* [Goal of the exercise]: The listing below is to be copied exactly, with pictures excluded.

Dataset excerpt below:

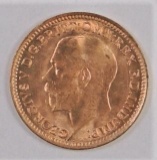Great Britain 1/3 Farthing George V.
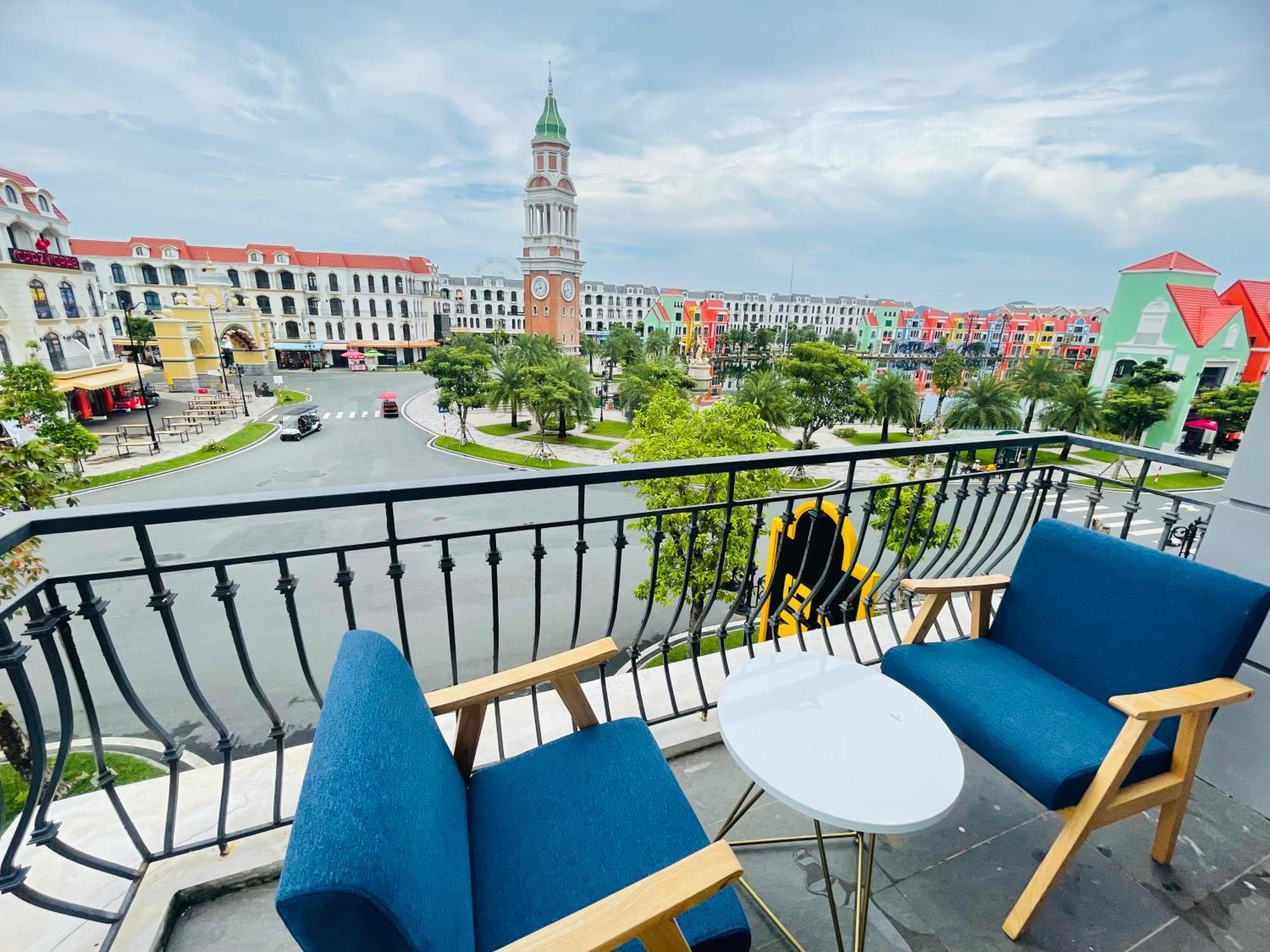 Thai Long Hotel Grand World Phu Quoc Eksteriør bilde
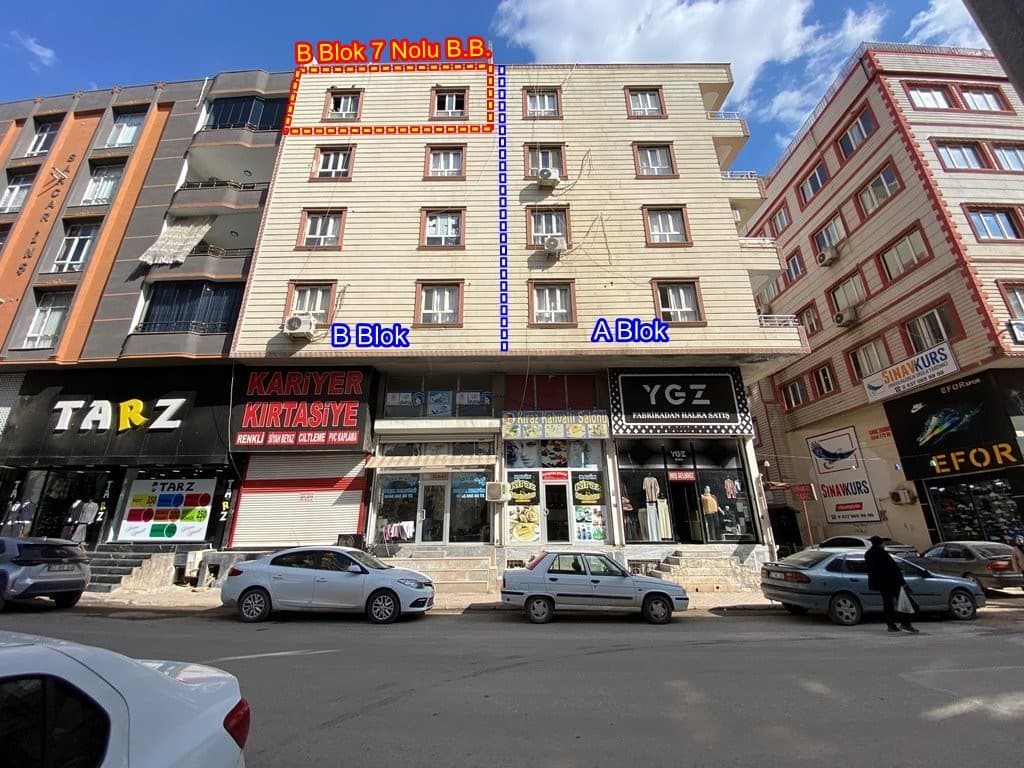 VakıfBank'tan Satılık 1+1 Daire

End of Dataset excerpt.

* [Task response]:
Great Britain 1/3 Farthing George V.
 Thai Long Hotel Grand World Phu Quoc Eksteriør bilde
 VakıfBank'tan Satılık 1+1 Daire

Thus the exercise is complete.